My cabbages are growing in the sunniest part of my backyard garden area. For me, this is the west edge. Even there, they don’t see their first DIRECT sunlight of the day until almost noon.

Feed me

Feed me!

I'm not eatin' that, it has a stinger!
Maybe it’s just me, but the plants remind me of the Audrey II.
I’m looking forward to my first amateur attempt at making fermented sauerkraut soon!
Normally you want to pick all of your lettuce either before it gets bitter from days that are too warm or before it sends up a seed stalk (bolting). To save lettuce seeds, you need to let the plant grow flowers.

The lettuce has bolted

Lettuce flowers

Partially dry group of lettuce flowers.
I cut the whole head of flowers off the lettuce when some of the seeds began to drop onto the ground and took it inside. I let it dry out a bit more in a paper bag.

Find a dry flower

Break open the dry lettuce flower

Here are your seeds!

Lettuce Seeds

More lettuce than your family could eat.
One bolted lettuce plant could easily yield enough lettuce seeds for your whole next year.
…in about 15 seconds.

25 or 30 tomatoes.
These are “Spoon” tomatoes, which are a type of very small currant tomatoes. The ones shown here are the first to get ripe. Later in the year I expect much greater smallness from them. The seeds were given to me as a novelty present this Christmas, so I grew one. These tomatoes are actually quite delicious. VERY full of sugar.

Sun scalded tomatoes
When I finally got around to trellising my community garden tomato plants, they were a huge tangled mess. I pruned back many of them quite a bit just so I could see what I was doing to get them strung up off the ground.

Sunburn!
Unfortunately, many tomatoes that had been shaded up to that point were suddenly exposed to 3 or 4 days of bright, direct sunlight with unseasonably warm 95 degree days.
With no leaves to shade them, the green tomatoes got burnt. Scalded by the sun!
Though these might rot before getting ripe, I am going to try to see if they might mature on their own. Even if they are half-rotten, I should still be able to save some good seeds for next year from inside the other half.

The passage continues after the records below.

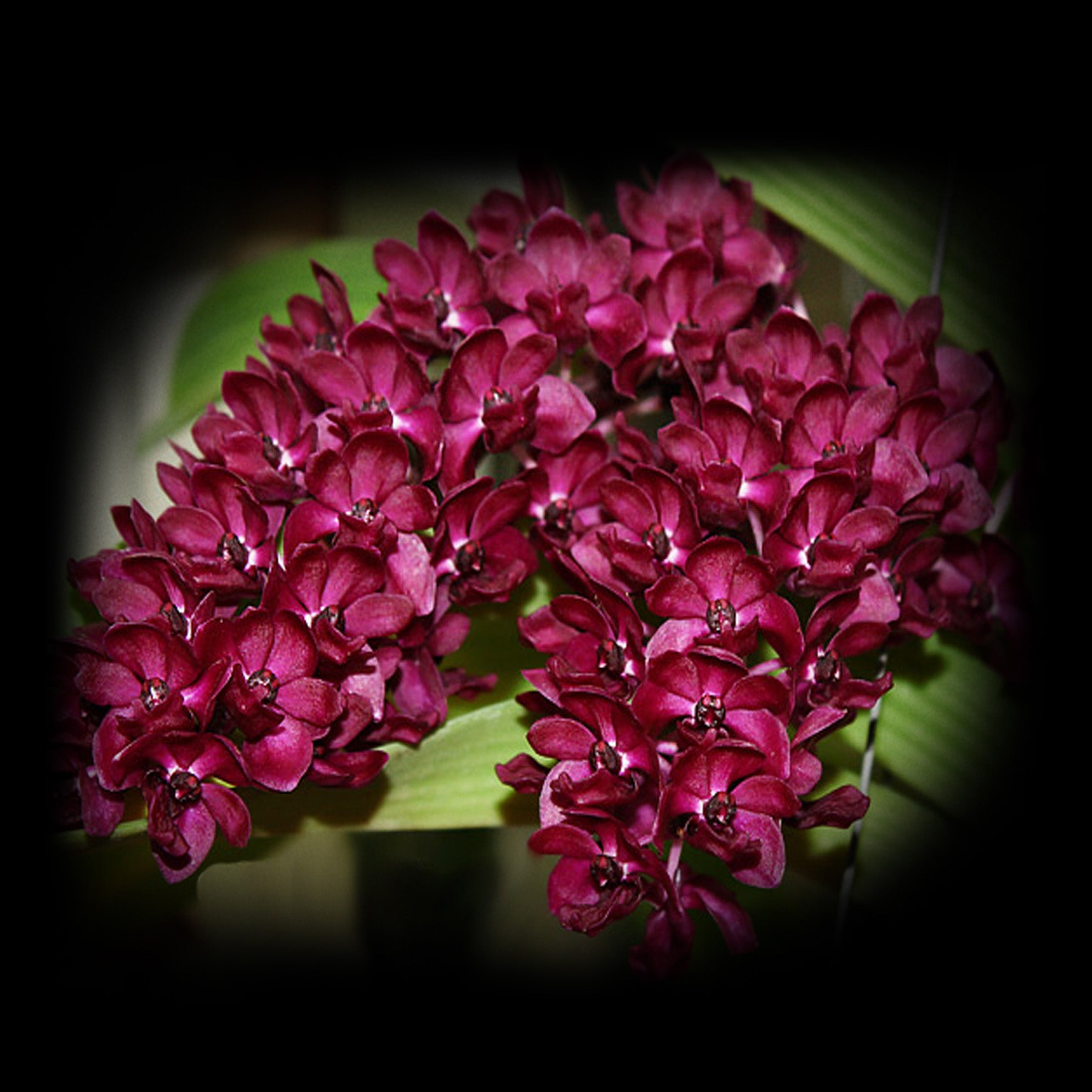 Rhynchostylis gigantea 'Red' - Fragrant Blooms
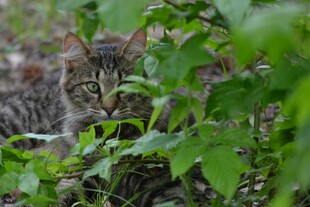 草丛中的猫咪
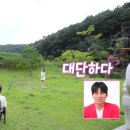 나는 SOLO 23기 자기소개 나이 학력 직업 회사 총정리 - 영수 영호 영식 영철 광수 상철 순자 영자 정숙...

(I do realize that this is probably the crappiest picture online that purports to show Japanese Beetles. Again, it was taken with my cell phone.)
My community garden’s sweet corn is completely infested with these largish beetles. The beetles are covering the corn’s tassels and feeding on the pollen. When that’s gone, they’ll apparently begin eating the silk and quite possibly interfere with proper pollination.
Plus, it’s disgusting to have dozens and dozens of big beetles on my corn. I guess I’m going to get a container of soapy water and knock as many as I can off into their deathtrap tomorrow at lunch. Wish me luck!
Here is an update to my previous post about saving radish seeds.

Dried radish seed pods
I let the radish growth die naturally and dry outside to a nice tan color. I picked off the stems with the seed pods and had what you see above.

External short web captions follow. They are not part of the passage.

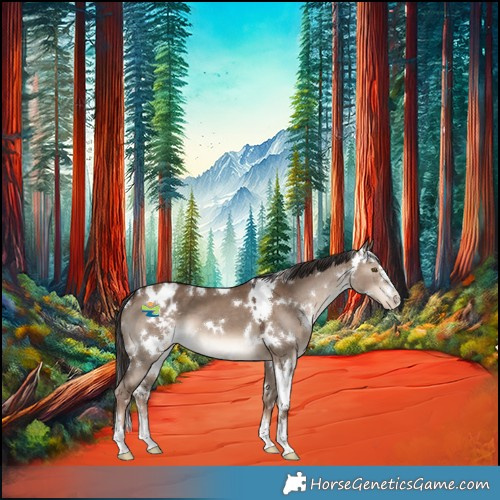 Horse Color:White Spotted Liver Red Dun Varnish 
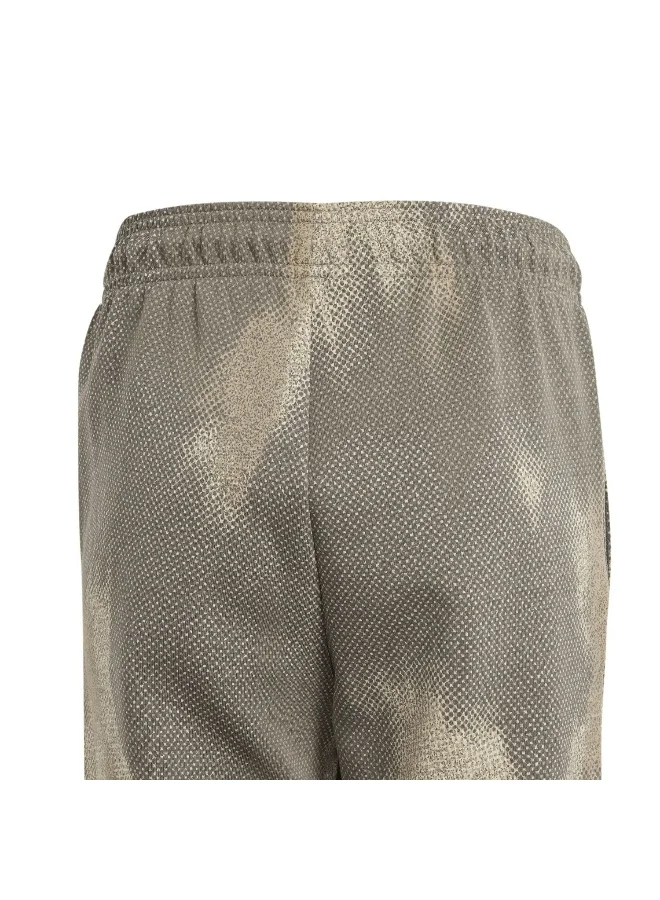 adidas adidas J Fi Aop Pt Brown Training Pants 7-8Y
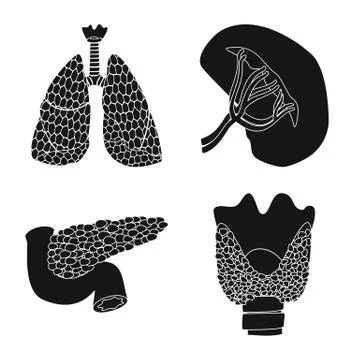 Vector design of body and human logo. Collection of body and medical stock Stock Illustration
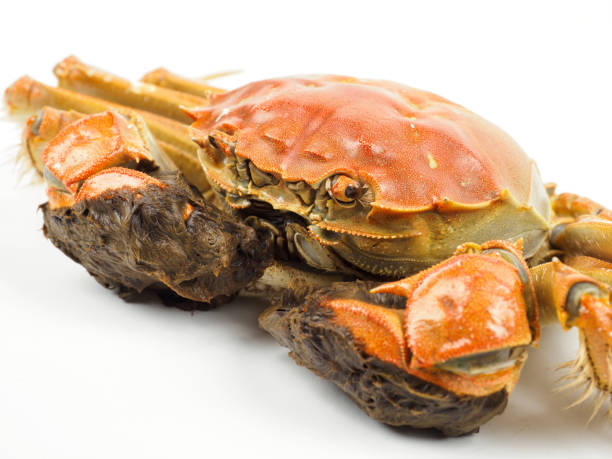 Chinese Mitten Crab on White Background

Green pod has turned light brown
Just like a pea or a bean, each dry pod contains a few radish seeds. Let’s open one up, shall we?

Hooray, seeds!
I expect the nice round ones are probably more viable than the flat wrinkled ones, since the ones I originally planted were all nice and round.
The verdict is that, yes, I can save radish seeds. And until I absolutely need to, I won’t. It’s a lot of extra work to get these seeds from a plant that would otherwise be picked in 25 or 30 days. I’ll consider it knowledge tucked away for a rainy day.
…is so easy a caveman could do it.
Actually it usually just DOES itself. If left unattended, strawberry plants will send off runners which will root near the parent plant and become self sufficient, removable, separate strawberry plants.
However, we are planning on moving our strawberries this fall to a different place in the yard, so I’m going to try to keep things orderly in the strawberry bed until then.
I don’t see any reason to waste perfectly good potential plants, so instead of cutting off the runners, I’m rooting them in containers.

Rooting strawberry runners in a pot
The sticks are just helping to hold the vine in place until the roots grow.

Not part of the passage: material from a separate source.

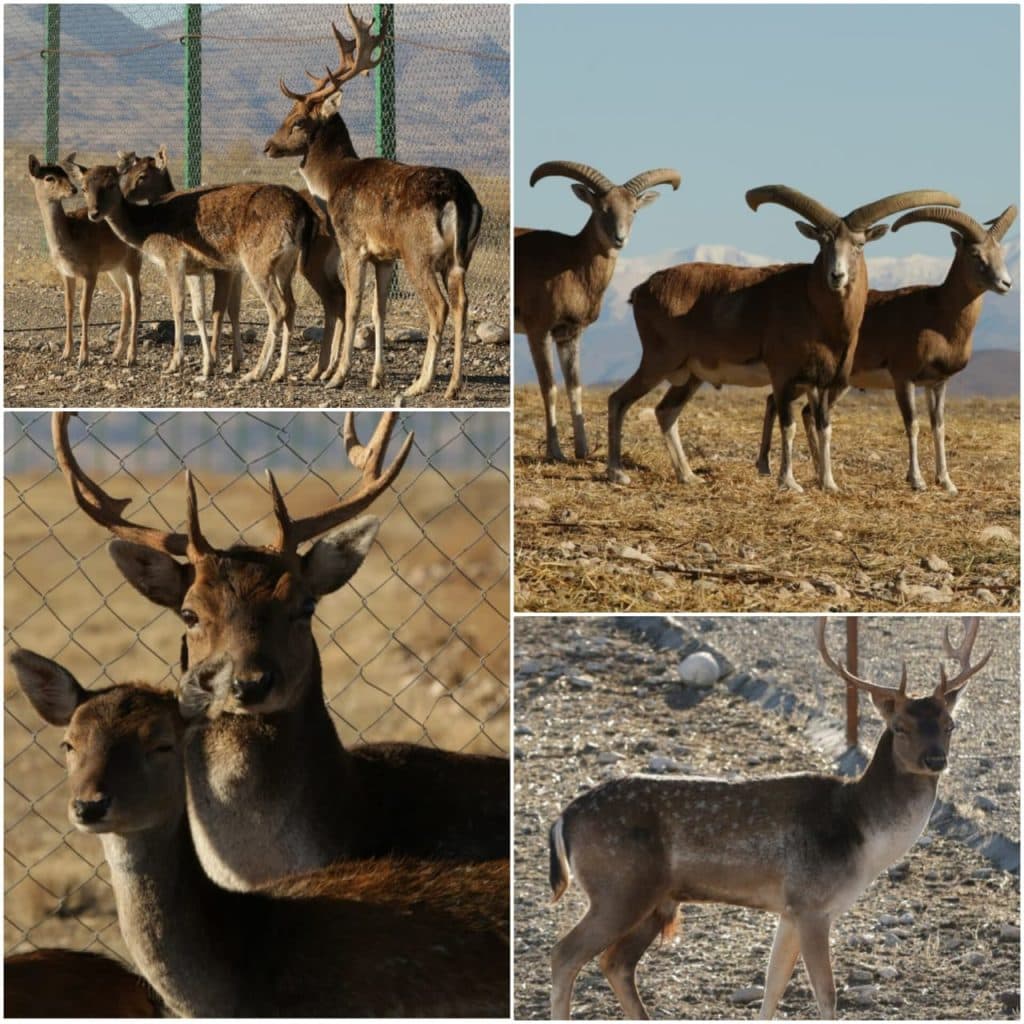 مشاور و پرورش دهنده حیوانات حیات وحش صمد نظمی در ماکو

Strawberry propagation. Ugg.

Pole Bean Teepee Hideaway
Right before we went on vacation, we started a project that will be fun for the boys if it works out as planned. We tied some poles together, laced them up with twine, and dug out a trench from our yard around the base of the thing.

Pole beans growing
We planted pole bean seeds in the little trench. The intention is that the pole beans will climb the tepee and completely cover it, making a little tent for the boys to not only play in, but also snack in, straight from the garden!

View from the back
Here are a few pictures of my developing tomatoes. Unfortunately, two of the three featured in this post are hybrids. I’m going to actively move away from the hybrids in the next few years. That’s the main reason why I am growing so many different tomatoes (18 types this year)… I want to find an heirloom variety that grows well for me in my own back yard. With heirloom tomatoes, I can save seeds each year and avoid relying on a store to sell me more.
As you can see from the pictures below, they have had no lack of water yet this year.

Beefmaster green tomato. Hybrid.

Big Mama. Hybrid paste tomato

Cabin. Rare heirloom tomato. Leaves somewhat potato-like.